23 For these reasons, we have not provided equating scales to convert the original VF-14 to the modified VF-14R score.
A weakness of the VF-14 in its original format is the conversion of raw scores for individual items into an average score out of 100. This assumes that each item contributes equally to the final score, and that the interval between each response category is uniform across all the categories and for all items. A key strength of this study was the use of Rasch analysis to overcome this limitation by calculating item difficulty in relation to person ability and adjusting the overall scores accordingly, allowing comparison of measures and interpretation of changes in scores when the logit scores are used. Previous studies have found that Rasch-informed revisions to the VF-14 are more sensitive to change than the original VF-14, when used in longitudinal studies of patients with cataracts who undergo surgery.
25 Another strength of Rasch analysis is its robustness to incomplete data, with all available data being used within the analysis process.
26 This is a substantial advantage over Classical Test Theory, a traditional psychometric approach, where item-level missing data can bias test results.
27
Limitations of this study relate to the study participants. Individuals with LHON were recruited from large university clinics in three European countries. Patients seen in these clinics may have more complex disease or severe disease because of referral bias. Except for one respondent of Asian descent, all respondents were white. The experiences of these respondents residing mainly in Europe may differ from those elsewhere in the world (e.g., in the United States).
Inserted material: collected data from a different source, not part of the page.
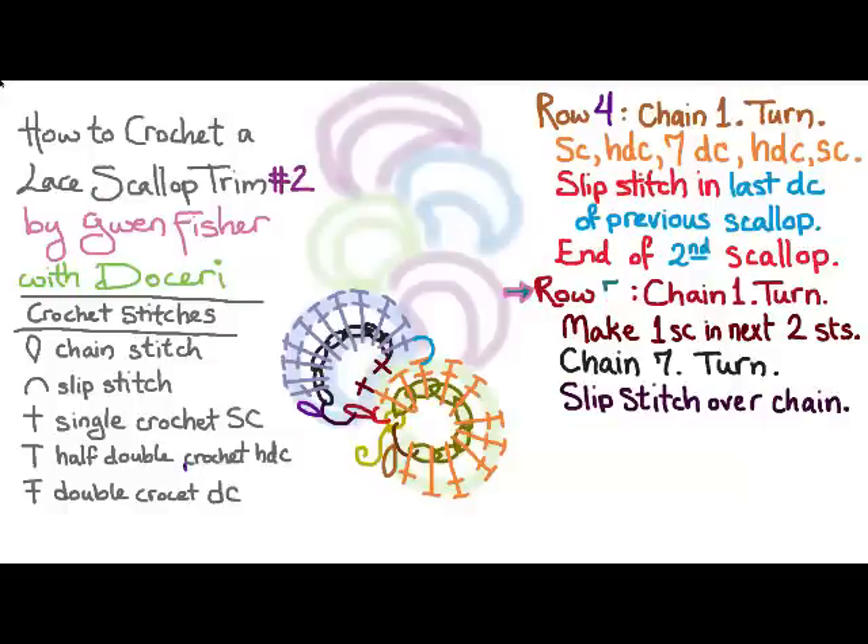Row five is going to be similar to row three. We're going to chain one and turn, and make one single crochet in the next two stitches to position ourselves to start the scallop. But this time we're going to chain five and turn, and we're going to slip stitch in the double crochet instead of over the chain.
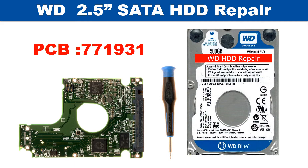Hello there. In this video we are going to talk about Seagate 2.5 inch SATA hard drive PCB board repair and disk data recovery. The PCB board number is 100583375.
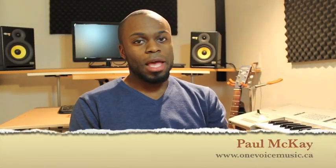Hello folks, how's it going? This is Paul McKay of One Voice Music Academy. Tune your mind. And I'm actually going to show you how to sing Twinkle Twinkle Little Star using some riffs and runs.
28,29 Consistent with the epidemiology of LHON, over 70% of respondents were male, and nearly 70% harbored the m.11778G>A LHON mutation in this study. Additional studies would be required to determine whether any items of the VF-14 exhibited differential item functioning, particularly for female participants or those who carried other LHON mutations.
In summary, the VF-14 in its original format exhibits several limitations that undermines its psychometric validity as a PROM for assessing vision-related activity limitation in individuals with LHON. These limitations likely stem from differences in the clinical and demographic characteristics of individuals with LHON compared to those with cataracts, leading to problems with disordered response category thresholds, item misfit, and scale multidimensionality. Rasch informed post-hoc revisions of the VF-14 can improve the psychometric validity of the PROM. However, these revisions do not overcome issues relating to PROM content. Future studies should evaluate the sensitivity of other established scales for conditions that have similar clinical and demographic characteristics to individuals with LHON, such as people with low vision, or focus on the development of a LHON-specific PROM that captures the disease characteristics that matter most to LHON patients.